Our study has important implications for clinical practice. First, we found a positive association between WWI and CVD in populations outside East Asia, suggesting that WWI could be a universal health index that applies to various races or ethnic groups. Besides, WWI is a better measure of obesity than BMI, WC, and WHtR, and its association with CVD is also stronger than those traditional indices. Hence, for people with high WWI levels, early assessment of target organ damage and timely intervention may reduce the risk of CVD and improve outcomes. Moreover, due to its simple calculation and economic nature, WWI can be used by medical and health institutions at all levels, especially in areas where medical resources are limited.

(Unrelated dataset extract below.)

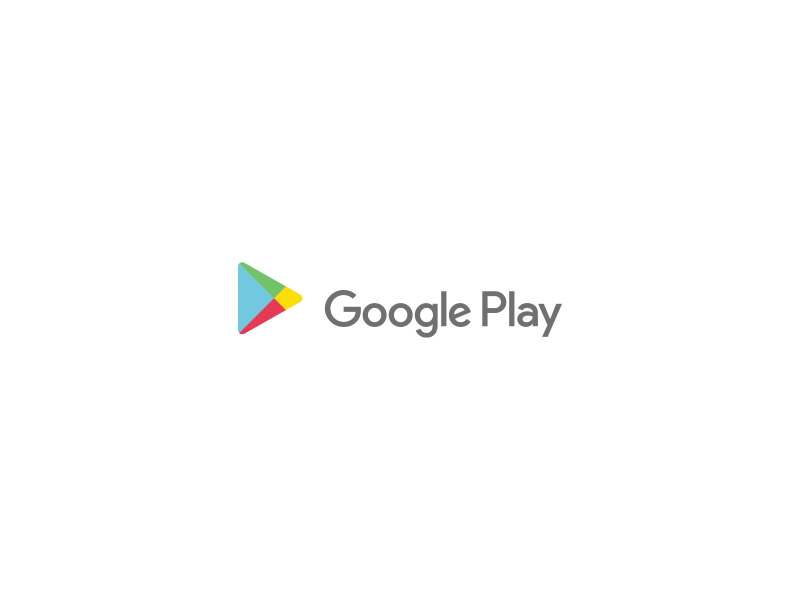 Detail Google App Logo Nomer 33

This study has several strengths. First of all, we used a national representative sample of the general adult population of the US from NHANES, which applied rigorous study protocols and quality controls. Secondly, we adjusted for most confounding covariates to ensure that our findings were reliable. Lastly, we used MI to maximize statistical power and minimize bias that might occur if covariates with missing data were excluded from data analyses. However, the limitations should also be noted. Due to the cross-sectional nature of NHANES, we could not obtain a causal relationship between WWI and CVD. Therefore, further longitudinal studies are needed to verify these findings. Moreover, although we have adjusted for many confounding covariates, we could not rule out any potential residual confounding, such as genetic factors and drug use. Besides, measurement errors in WC (such as the location of the waist area and individual variance in positioning the measuring tape) and CVD determined from participants’ self-reported data may lead to some potential bias. However, previous studies have demonstrated that NHANES self-reported outcomes are a valid method for determining prevalence [39]. Although WWI is a better indicator of obesity, implementing it into the current US health care system remains a challenge.

Conclusions

Our study demonstrated that high levels of WWI were significantly associated with an increased risk of CVD in US adults, particularly in people under 50 years of age. These findings indicate that WWI may be an intervention indicator to reduce the risk of CVD in the general adult population. However, further longitudinal studies are still needed to clarify the precise causality of this relationship.